The pressure and suction side cladding flanks may include non-symmetric or different pressure and suction side cladding radial heights and/or different pressure and suction side cladding radial locations of pressure and suction side cladding flank portions of the pressure and suction side cladding flanks in a tip cladding portion of the tip cladding. One of the different pressure and suction side cladding radial heights may be variable in the tip cladding portion.
The blade may include pressure and suction side cladding flank portions of the pressure and suction side cladding flanks in a tip cladding portion of the tip cladding, a chordwise extending seam in the pressure side cladding flank portion, and/or a chordwise extending relief or slot in the suction side cladding flank portion.
The blade may include the pressure and suction side cladding flanks bended or otherwise attached to a composite core of the airfoil and the pressure and suction side cladding flanks being stronger, more ductile, or less brittle than a composite material of the composite core.

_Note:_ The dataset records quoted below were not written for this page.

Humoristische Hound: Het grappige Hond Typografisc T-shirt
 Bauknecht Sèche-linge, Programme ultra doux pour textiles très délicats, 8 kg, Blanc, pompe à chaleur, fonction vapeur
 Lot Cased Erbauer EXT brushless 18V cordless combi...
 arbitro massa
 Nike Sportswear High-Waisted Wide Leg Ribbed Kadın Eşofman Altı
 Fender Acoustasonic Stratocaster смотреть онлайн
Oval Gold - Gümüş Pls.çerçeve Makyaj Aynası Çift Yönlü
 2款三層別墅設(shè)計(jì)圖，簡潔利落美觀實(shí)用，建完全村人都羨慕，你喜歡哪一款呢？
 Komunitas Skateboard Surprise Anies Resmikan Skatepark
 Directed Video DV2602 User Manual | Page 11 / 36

An aircraft turbofan gas turbine engine may include at least one row of aircraft gas turbine engine fan blades positioned within an engine casing, one or more of the fan blades may include an airfoil with chordwise spaced apart leading and trailing edges, pressure and suction sides extending outwardly in a spanwise direction from an airfoil base to an airfoil tip, and tip cladding including non-symmetric pressure and suction side cladding flanks bonded or otherwise attached to the airfoil tip along the pressure and suction sides respectively.
BRIEF DESCRIPTION OF THE DRAWINGS
The foregoing aspects and other features of the invention are explained in the following description, taken in connection with the accompanying drawings where:
FIG. 1 is a schematic view illustration of an exemplary gas turbine engine.
FIG. 2 is a schematic side view illustration of an exemplary fan blade assembly that may be used with the gas turbine engine illustrated in FIG. 1.
FIG. 3 is a schematic view illustration of an exemplary asymmetric tip cladding taken through 3-3 of the fan blade assembly illustrated in FIG. 2.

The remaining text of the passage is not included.